TaskBest model choiceCost per 1M tokens
Quick summarizationMistral Nemo$0.02 in / $0.04 out
Email draftingDeepSeek V3.2$0.26 in / $0.38 out
Code generationMiniMax M2.5$0.30 in / $1.10 out
Data analysisGemini 2.5 Flash$0.30 in / $2.50 out
Complex researchClaude Sonnet 4.6$3.00 in / $15.00 out
Multi-step reasoningClaude Opus 4.6$5.00 in / $25.00 out
Hardest problemsGPT-5.2 Pro$21.00 in / $168.00 out

Prices via OpenRouter as of March 2026. Actual credit costs on LikeClaw reflect these rates.

Questions about AI model choice

Do I really need 95 models?

You don't need all 95. But you need the ability to pick the right one. A quick email draft doesn't need Claude Opus ($25/M output tokens). DeepSeek V3.2 handles it for $0.38/M -- that's 65x cheaper for equivalent quality on simple tasks. Having 95 models means you always have a budget option and a premium option, and everything in between.

Which AI model is best for coding in 2026?

MiniMax M2.5 scores 80.2% on SWE-bench Verified (near Claude Opus 4.6's 80.8%) at $0.30/M input tokens -- roughly 17x cheaper than Opus. For simpler coding tasks, Qwen3-Coder or Mistral's Codestral work well at even lower prices. For the hardest debugging and architecture work, Claude Opus or GPT-5.4 are still worth the premium. The right answer depends on the task complexity.

Is running AI models locally cheaper than cloud APIs?

It depends on your usage. A Hacker News post about running Llama 70B on a single RTX 3090 via NVMe-to-GPU streaming got 395 upvotes -- but commenters calculated that the electricity cost alone exceeds cloud API pricing for equivalent output. At 0.2-0.5 tokens per second, you're waiting 5 seconds per token while drawing 200-300W. For most users, cloud APIs with budget models (DeepSeek V3.2 at $0.26/M tokens) are cheaper and faster than local inference.

What's the cheapest AI model that's actually good?

DeepSeek V3.2 at $0.26/M input and $0.38/M output is the current price-to-quality leader for general tasks.

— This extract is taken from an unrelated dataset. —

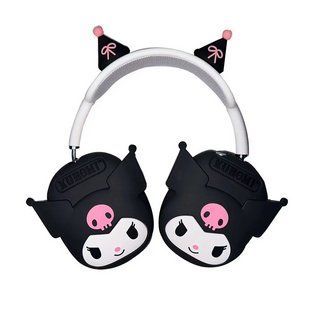 Силиконовые защитные накладки и ушки Kuromi на наушники AirPods Max / черный 099432 фото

For coding specifically, MiniMax M2.5 ($0.30/M input) matches frontier models on benchmarks. Mistral Nemo ($0.02/M input) handles basic tasks at nearly zero cost. Google's Gemini 2.5 Flash Lite offers a 1M-token context window at $0.10/M input. All four are available on LikeClaw.

How does LikeClaw handle model switching?

You pick a model before each task, or let the system suggest one based on complexity. All 95 models are available through one account -- no separate API keys, no provider signups, no configuration. Cheaper models cost fewer credits, premium models cost more. Switch models mid-workflow if you need to. Your credits work across all of them.